Un risveglio amaro, sconfortante. Un sogno chiamato Varsavia sfumato sotto la pioggia torrenziale che ha reso l’Oliympisky di Kiev il campo di battaglia adatto al piglio, alla voglia di azzannare quella finale di una Dnipro battagliera. Una vittoria, quella dei ragazzi di Makevyc tratteggiata dalla voglia di chi veramente era mosso dal furore, dalla voglia di scrivere la storia non solo di una società, ma di un’intera Nazione falcidiata da una sanguinosa guerra civile.
Nel calcio, come nella vita, le vittorie e i risultati riescono a nascondere quei nodi che, dinanzi a debacle inaspettate, finiscono per giungere definitivamente al pettine. Forte è l’aria di fine ciclo che si respira in riva al Golfo, ma ridurre tutto ad una serie di errori della gestione tecnica sarebbe oltre modo riduttivo. La campagna di rafforzamento, ad eccezione dell’encomiabile colpo Gabbiadini, è stata senza alcun dubbio rivedibile, poco adatta a fornire il supporto, tecnico più che numerico, adatto ad un gruppo che terminerà la stagione con quasi 60 gare ad altissimo livello nelle gambe.
Ma se le sessioni di mercato in tono minore rappresentano un peccato originale assodato, la pesante – e rumorosa – assenza del presidente Aurelio De Laurentiis sugli spalti ad assistere ad un evento storico, ad un passo da una finale europea che mancava da 26 anni, ha riaperto un ulteriore, mai chiuso, fronte di discussione.
Lecito che il patron azzurro possa essere oberato da altri impegni, da problematiche di qualsiasi sorta, ma quel vuoto a Kiev rappresenta un simbolo, il simbolo di una società che ormai da troppi anni, dall’addio di Pierpaolo Marino, vive della luce riflessa di un singolo uomo: il patron azzurro. Riccardo Bigon, dirigente serio e coadiuvato da un ottimo scouting, come unico referente tecnico, minimo contraltare in una struttura dirigenziale contraddistinta dalla strabordante presenza del presidente partenopeo. Un Re Sole alle pendici del Vesuvio, così lo definimmo in tempi non sospetti(leggi qui), e a distanza di mesi tutto sembra sempre più incastonato nell’inconfutabile realtà.
Una società che vuole ambire ad assestarsi nell’elite del calcio europeo, agguantare a grandi falcate gradini e posizioni tra i club più prestigiosi del Vecchio Continente, non può, non deve, essere limitata nell’affidare tutta la gestione tecnica alla volontà dei tecnici alla guida della squadra, così è accaduto con Mazzarri e poi con Benitez.
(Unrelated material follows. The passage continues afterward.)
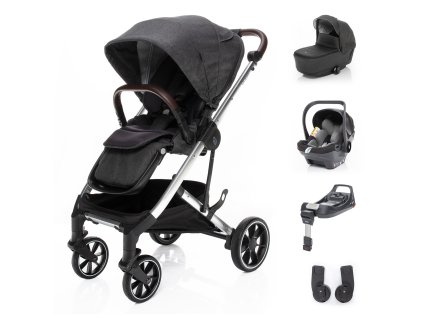 Set kočík Quest+ korba+ adaptéry+ autosedačka+ báza, Vulcan Black/Silver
Una società strutturata, con uomini di calcio dalla competenza e dall’esperienza assodata, in grado di tracciare una linea continua sulle scelte dirigenziali, è un elemento imprescindibile per garantire al Napoli quello step definitivo verso i piani alti.
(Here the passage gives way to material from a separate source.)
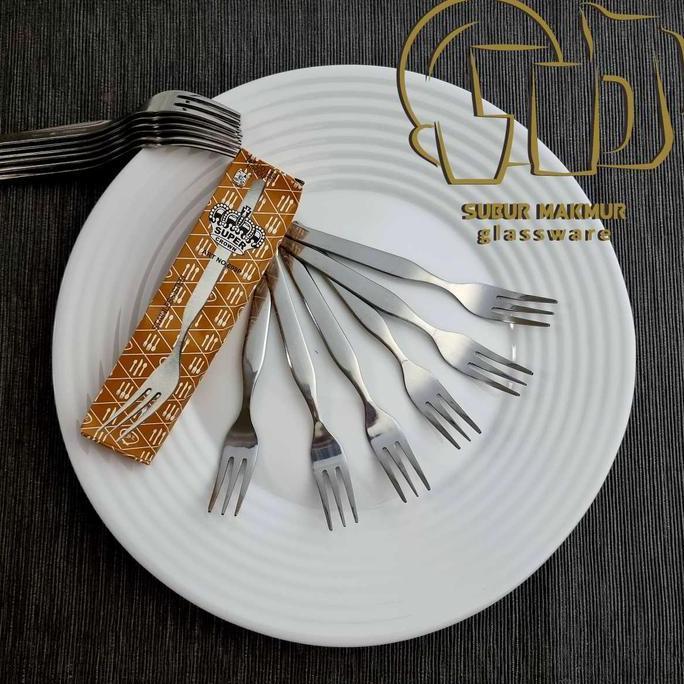 [12 Pcs] Garpu Buah SUPER CROWN (609P) . Kedaung Fruit Dessert Fork LS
Dal 2004 la gestione De Laurentiis è stata impeccabile, illuminata, dai campi polverosi della Serie C ad una competitività sempre più assidua in tutte le competizioni, battagliando quest’anno fino a maggio inoltrato su più fronti. Ora, però, alle porte di un ennesimo rinnovamento, qualcosa è giusto che cambi, e non solo in panchina. Era il luglio dello scorso anno quando Conte abbandonava in corsa la Juventus, dalle parti di Vinovo Marotta ed il suo staff non hanno battuto ciglio, costruendo una stagione da applausi, forse a Castel Volturno è arrivato il tempo di prendere appunti.